Born worshipping vinyl through his parents’ living room stereo, Caural (born Zachary Mastoon) based temples at his sparkly blue drum set at 3, the Casio PT-80 at 4, and guitar at 6.
He was soon skinning his knees skateboarding with childhood neighbor Stuart Bogie (Arcade Fire, TV on The Radio, Antibalas Afrobeat Orchestra), and capturing youthful interpretations of early 80's Hip Hop, new wave and pop radio hits together on cassette. Playing an amalgam of jazz influenced punk in their early teens, they went on to co-found Transmission in 1991, a group which later took a more experimental turn with the addition of saxophonist Colin Stetson.

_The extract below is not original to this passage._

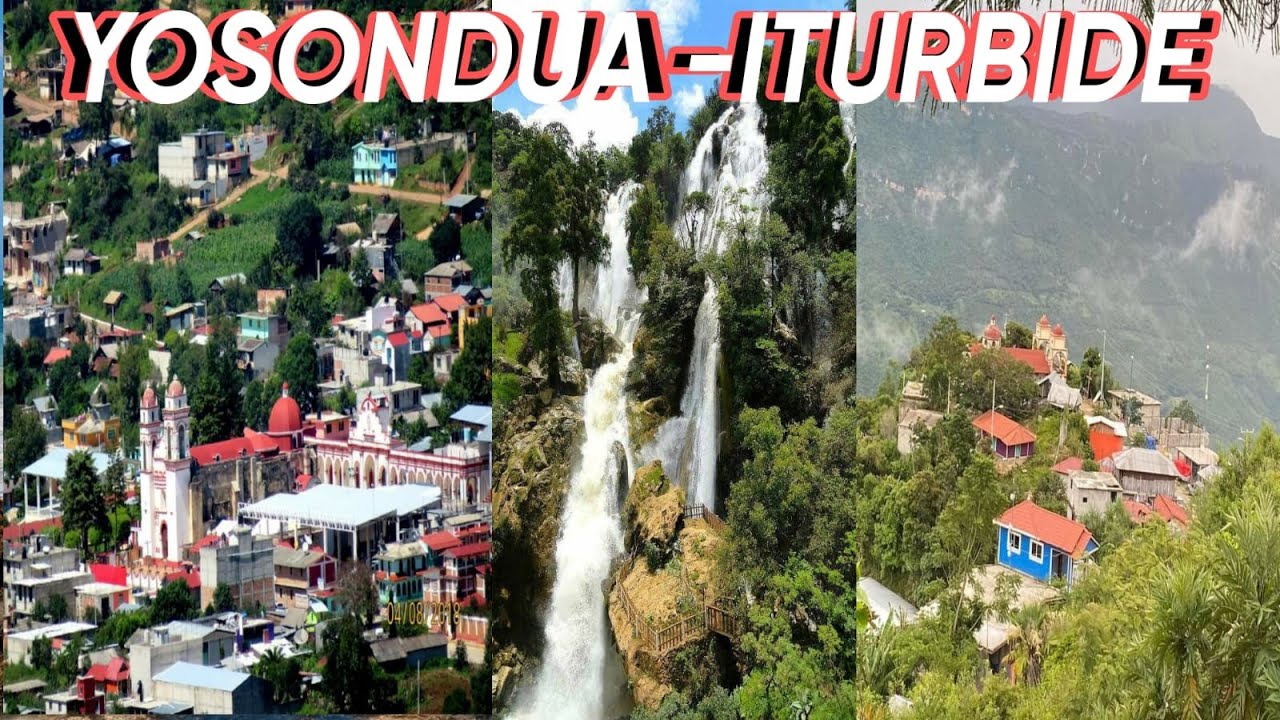 DE YOSONDUA A ITURBIDE tierra del MEZCAL/STA.CRUZ ITUNDUJIA #transformacion #viajes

Equally in love with rap and shoegaze, Mastoon clarified his voice with avant-garde giant Anthony Braxton at Wesleyan University and an around-the-world gamelan orchestra aboard Semester At Sea; however, it was during his final year at NYU in 1999 that he began fusing his disparate influences quite literally with a Yamaha SU700. A CD-R of his first four compositions was slipped from his coworker at the turntablism-pioneering Asphodel Records to the head of Toshoklabs, and the first Caural album had found a home.
A critically acclaimed catalog of original material and remixes for Chocolate Industries, Mush, Plug Research, Sound in Color, and other early foundation builders of the "beat scene" followed. It was in early 2006 that he teamed up with LA emcee Busdriver to tour with everyone from Aceyalone through Deerhoof, often bloodying fingers and accidentally tearing knobs off his sampler on stage.
Waving goodbye to psychedelic rock as one half of Boy King Islands (a once-side project that blossomed necessarily when his beloved sampler was stolen from his Chicago apartment), he has now revived the sonic bricolage of everything Caural, channeling the speakers that lulled him in love with music as a child.